| Brief descriptive captions |
****************************************
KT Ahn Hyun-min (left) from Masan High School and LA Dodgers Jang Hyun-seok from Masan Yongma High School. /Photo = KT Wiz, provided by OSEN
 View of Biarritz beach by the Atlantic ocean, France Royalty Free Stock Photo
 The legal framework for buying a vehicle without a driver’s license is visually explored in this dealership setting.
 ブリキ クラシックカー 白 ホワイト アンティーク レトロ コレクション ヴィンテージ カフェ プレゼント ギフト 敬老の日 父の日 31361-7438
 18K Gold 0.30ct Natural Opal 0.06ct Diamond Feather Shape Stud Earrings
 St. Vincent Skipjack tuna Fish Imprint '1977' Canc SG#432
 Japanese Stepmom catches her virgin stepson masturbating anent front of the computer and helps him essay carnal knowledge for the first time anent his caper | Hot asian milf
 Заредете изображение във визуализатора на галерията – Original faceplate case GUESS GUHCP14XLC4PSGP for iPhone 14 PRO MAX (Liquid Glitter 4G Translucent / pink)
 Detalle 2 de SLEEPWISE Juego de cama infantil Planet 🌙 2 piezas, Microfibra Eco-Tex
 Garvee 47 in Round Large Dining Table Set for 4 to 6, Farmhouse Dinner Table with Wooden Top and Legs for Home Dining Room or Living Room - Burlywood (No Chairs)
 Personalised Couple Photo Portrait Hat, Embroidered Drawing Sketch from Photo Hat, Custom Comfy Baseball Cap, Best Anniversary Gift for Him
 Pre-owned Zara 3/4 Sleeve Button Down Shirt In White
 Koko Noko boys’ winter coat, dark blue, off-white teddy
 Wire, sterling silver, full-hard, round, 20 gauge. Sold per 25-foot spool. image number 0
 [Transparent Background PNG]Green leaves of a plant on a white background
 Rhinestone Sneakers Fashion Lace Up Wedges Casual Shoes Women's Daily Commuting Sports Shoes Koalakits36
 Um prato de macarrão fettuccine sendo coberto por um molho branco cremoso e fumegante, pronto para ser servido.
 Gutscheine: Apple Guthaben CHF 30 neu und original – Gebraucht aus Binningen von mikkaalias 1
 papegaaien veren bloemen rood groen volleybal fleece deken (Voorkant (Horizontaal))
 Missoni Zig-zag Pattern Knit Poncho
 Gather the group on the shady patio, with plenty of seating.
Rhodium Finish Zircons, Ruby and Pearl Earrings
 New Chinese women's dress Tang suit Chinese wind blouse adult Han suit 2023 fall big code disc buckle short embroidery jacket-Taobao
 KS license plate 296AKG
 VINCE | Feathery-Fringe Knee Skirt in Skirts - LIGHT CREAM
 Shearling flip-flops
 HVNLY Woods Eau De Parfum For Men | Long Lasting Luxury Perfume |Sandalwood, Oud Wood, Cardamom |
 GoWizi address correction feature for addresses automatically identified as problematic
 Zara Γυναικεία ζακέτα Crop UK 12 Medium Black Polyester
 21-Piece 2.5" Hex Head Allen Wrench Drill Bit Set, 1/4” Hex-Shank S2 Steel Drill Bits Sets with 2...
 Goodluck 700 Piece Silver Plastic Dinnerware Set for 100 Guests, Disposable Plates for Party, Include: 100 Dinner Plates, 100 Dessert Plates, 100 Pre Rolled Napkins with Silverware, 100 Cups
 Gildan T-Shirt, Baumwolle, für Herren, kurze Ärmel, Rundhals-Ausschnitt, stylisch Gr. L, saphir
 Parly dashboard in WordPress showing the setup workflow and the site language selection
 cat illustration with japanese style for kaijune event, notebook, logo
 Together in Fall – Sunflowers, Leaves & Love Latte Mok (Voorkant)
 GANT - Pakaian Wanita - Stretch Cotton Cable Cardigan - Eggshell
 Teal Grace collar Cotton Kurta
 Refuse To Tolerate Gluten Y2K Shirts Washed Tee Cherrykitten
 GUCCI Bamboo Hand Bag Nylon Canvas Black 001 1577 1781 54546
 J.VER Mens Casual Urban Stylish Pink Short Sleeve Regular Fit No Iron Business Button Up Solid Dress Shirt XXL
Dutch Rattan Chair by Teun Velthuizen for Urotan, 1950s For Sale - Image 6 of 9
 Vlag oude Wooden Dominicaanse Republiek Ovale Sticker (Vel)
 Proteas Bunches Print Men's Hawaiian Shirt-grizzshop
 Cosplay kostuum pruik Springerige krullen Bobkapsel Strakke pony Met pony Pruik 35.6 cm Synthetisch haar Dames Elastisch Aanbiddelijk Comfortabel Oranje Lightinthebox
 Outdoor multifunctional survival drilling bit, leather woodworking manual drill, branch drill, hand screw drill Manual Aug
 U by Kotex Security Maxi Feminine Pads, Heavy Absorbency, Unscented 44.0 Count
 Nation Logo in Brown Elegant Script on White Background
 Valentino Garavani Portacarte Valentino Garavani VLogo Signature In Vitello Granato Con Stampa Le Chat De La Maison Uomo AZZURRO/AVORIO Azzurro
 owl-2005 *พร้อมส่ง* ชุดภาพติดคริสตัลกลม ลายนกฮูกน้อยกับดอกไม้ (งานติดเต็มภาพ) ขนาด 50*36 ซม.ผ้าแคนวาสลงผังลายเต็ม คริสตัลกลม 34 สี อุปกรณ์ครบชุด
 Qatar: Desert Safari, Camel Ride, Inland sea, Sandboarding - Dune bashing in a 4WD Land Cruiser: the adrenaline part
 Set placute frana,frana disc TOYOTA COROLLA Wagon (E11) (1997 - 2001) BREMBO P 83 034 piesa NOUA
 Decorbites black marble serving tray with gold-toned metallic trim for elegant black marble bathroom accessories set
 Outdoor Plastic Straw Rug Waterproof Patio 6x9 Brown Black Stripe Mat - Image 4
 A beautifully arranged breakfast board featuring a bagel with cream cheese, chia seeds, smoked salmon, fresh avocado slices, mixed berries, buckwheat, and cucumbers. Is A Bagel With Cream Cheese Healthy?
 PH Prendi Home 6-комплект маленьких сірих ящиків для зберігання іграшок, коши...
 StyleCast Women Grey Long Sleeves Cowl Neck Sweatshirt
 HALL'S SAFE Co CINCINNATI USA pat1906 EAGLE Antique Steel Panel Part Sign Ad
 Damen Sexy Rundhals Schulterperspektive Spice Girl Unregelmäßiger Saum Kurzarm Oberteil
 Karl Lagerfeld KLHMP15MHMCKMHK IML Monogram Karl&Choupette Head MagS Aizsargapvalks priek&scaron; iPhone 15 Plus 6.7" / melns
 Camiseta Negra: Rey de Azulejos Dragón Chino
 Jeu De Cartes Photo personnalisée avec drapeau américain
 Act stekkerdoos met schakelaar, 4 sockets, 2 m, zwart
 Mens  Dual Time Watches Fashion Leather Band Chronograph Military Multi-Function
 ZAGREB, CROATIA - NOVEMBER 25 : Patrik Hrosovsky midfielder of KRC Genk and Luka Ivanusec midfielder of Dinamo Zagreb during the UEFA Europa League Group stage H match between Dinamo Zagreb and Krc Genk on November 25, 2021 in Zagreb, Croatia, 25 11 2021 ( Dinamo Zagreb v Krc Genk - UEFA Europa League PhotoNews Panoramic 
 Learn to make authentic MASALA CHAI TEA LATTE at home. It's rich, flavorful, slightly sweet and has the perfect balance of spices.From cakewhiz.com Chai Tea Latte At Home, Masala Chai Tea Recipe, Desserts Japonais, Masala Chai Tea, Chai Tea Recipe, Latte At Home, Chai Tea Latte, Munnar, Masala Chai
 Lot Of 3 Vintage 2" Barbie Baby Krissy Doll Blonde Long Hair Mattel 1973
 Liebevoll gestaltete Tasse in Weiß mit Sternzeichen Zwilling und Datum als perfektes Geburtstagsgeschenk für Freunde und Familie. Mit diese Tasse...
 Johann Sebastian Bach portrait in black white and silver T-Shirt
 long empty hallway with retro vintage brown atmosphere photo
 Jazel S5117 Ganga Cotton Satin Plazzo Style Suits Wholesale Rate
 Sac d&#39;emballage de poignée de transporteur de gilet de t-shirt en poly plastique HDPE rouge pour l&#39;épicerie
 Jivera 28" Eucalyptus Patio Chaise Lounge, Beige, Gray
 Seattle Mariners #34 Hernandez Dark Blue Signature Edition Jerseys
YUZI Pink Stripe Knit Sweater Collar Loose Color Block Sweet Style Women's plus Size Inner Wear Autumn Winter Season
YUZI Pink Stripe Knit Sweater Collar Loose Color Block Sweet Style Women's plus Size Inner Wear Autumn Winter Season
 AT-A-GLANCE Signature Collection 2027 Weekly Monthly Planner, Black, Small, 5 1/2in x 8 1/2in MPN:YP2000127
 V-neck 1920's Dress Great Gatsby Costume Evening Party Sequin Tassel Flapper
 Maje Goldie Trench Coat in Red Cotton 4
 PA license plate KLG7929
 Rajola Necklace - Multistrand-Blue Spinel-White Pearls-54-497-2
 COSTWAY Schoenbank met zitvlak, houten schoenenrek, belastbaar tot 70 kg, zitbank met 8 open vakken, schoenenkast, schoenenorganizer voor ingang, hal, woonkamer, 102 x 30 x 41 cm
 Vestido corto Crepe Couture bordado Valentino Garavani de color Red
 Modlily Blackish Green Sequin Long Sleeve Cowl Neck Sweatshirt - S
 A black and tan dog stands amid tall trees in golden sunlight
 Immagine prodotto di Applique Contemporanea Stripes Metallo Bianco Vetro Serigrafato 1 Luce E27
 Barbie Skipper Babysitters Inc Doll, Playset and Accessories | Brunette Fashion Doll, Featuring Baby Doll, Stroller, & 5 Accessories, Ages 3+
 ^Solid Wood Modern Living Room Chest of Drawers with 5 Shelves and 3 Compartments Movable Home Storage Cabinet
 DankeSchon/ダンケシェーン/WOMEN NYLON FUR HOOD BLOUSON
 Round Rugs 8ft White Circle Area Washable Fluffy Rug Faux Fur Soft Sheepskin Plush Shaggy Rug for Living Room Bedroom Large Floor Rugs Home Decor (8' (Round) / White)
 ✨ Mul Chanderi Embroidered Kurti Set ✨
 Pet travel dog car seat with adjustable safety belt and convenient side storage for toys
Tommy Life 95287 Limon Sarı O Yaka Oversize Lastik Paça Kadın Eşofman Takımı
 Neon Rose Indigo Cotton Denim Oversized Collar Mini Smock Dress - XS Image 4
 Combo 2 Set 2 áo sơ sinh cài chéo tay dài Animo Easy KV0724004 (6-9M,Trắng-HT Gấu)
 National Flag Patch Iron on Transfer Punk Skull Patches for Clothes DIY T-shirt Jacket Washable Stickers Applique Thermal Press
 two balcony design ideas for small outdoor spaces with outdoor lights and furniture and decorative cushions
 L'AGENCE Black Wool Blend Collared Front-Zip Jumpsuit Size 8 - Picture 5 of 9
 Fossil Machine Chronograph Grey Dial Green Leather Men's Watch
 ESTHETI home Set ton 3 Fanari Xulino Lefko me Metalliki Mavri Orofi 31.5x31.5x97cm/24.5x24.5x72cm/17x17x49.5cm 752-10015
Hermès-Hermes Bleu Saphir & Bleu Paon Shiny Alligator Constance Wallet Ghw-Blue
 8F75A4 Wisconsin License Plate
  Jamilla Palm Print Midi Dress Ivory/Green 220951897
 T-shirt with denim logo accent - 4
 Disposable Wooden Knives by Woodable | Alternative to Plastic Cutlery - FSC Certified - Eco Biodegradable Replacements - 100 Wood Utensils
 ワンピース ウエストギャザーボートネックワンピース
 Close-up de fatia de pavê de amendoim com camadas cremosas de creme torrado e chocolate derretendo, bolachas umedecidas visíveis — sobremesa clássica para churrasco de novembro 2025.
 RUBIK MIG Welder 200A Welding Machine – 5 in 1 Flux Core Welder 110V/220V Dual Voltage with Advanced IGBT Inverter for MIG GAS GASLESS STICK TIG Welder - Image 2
****************************************
| AIM OF THE TASK |
Tally the lines above that include the word "Baby"; answer with the total only.

| SOLUTION BELOW |
2